Style <select> element based on selected <option>

Aprillion picture Aprillion · May 2, 2013 · Viewed 68.1k times · Source

Is it possible to style a select element based on what option is selected with CSS only? I am aware of existing JavaScript solutions.

I tried to style the option element itself, but this will give style only to the option element in the list of options, not to the selected element.

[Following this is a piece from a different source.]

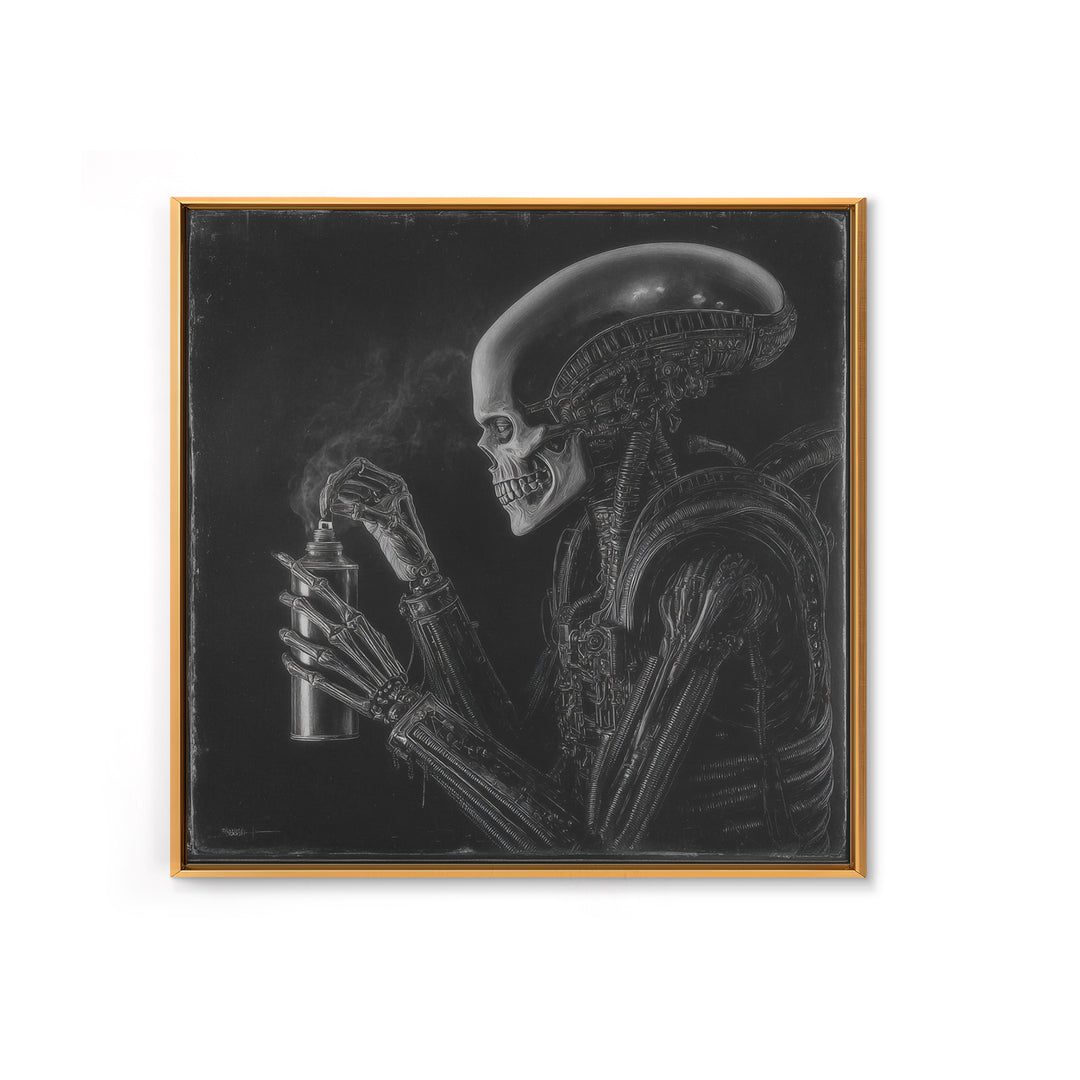 The Graveyard Gardener, Biomechanical Horror Art, Square Wall Art, Dark Fantasy Wall Art, Framed Canvas Print, Halloween Wall Art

select[name="qa_contact"] option[value="3"] {
    background: orange;
}

http://jsfiddle.net/Aprillion/xSbhQ/

If not possible with CSS 3, will CSS 4 subject selector help in the future - or will this stay a forbidden fruit to CSS?

Answer

Troy Alford picture Troy Alford · May 2, 2013

Unfortunately, yes - this is something not currently possible with only CSS. As mentioned in the answers and comments to this question, there is currently no way to make the parent element receive styling based on its children.

In order to do what you're wanting, you would essentially have to detect which of the children (<option>) is selected, and then style the parent accordingly.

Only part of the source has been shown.